RADARBANYUWANGI.ID - Pembalap Red Bull Racing, Max Verstappen, menegaskan bahwa masih ada ruang untuk perbaikan menjelang F1 Grand Prix Amerika Serikat pada Minggu mendatang.
Meskipun berhasil menguasai Sprint Race di Sirkuit Circuit of The Americas (COTA), sang juara dunia empat kali menilai ancaman McLaren belum sepenuhnya terukur.
Verstappen menutup Sprint dengan kemenangan meyakinkan, sekaligus memangkas jarak menjadi 55 poin dari pimpinan klasemen sementara Formula 1.
Kemenangan itu turut diwarnai insiden di tikungan pertama yang membuat dua pembalap McLaren, Lando Norris dan Oscar Piastri, harus tersingkir lebih awal.
Dalam wawancara usai balapan, Verstappen mengakui performa mobilnya masih belum sepenuhnya optimal.

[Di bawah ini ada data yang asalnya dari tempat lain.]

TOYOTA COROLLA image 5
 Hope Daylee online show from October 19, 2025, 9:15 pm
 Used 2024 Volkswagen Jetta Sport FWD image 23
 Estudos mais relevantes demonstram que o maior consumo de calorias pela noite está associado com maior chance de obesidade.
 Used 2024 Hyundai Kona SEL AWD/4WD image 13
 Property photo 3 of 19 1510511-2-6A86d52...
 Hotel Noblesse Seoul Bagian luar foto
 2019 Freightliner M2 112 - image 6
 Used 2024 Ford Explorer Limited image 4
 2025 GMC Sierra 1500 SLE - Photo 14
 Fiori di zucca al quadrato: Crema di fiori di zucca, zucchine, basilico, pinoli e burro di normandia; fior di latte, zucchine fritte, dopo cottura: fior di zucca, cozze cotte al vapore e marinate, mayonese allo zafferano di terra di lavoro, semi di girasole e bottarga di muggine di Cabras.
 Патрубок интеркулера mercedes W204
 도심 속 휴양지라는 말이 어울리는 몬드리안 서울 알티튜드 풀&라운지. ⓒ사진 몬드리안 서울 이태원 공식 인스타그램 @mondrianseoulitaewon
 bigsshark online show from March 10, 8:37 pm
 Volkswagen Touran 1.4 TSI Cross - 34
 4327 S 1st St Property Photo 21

“Awalnya bagus, tetapi setelah Safety Car masuk akibat insiden di Tikungan 1, butuh beberapa lap untuk menemukan kecepatan yang stabil,” ujarnya.
“Kami perlu memahami apa yang terjadi dan memperbaikinya untuk balapan utama besok,” imbuhnya.
Meski begitu, Verstappen tetap puas dengan hasil Sprint.
Namun, ia menegaskan bahwa balapan utama akan menjadi ujian sebenarnya.
“Kami belum melihat apa yang bisa dilakukan McLaren di balapan penuh. Mereka bisa sangat cepat, jadi kami harus tampil lebih baik dalam konfigurasi race trim,” tambahnya.
Pembalap Mercedes, George Russell, menjadi salah satu yang paling diuntungkan dari insiden awal.
Berawal dari posisi keenam, ia berhasil melesat ke posisi kedua dan bahkan sempat menantang Verstappen untuk memimpin di Tikungan 12.
“Kesempatan melawan Max jarang datang, jadi saya ambil risiko,” kata Russell.
“Mungkin saya terlalu jauh untuk menyalip, tapi saya senang mencoba. P2 sudah lebih baik dari yang kami perkirakan,” ujarnya.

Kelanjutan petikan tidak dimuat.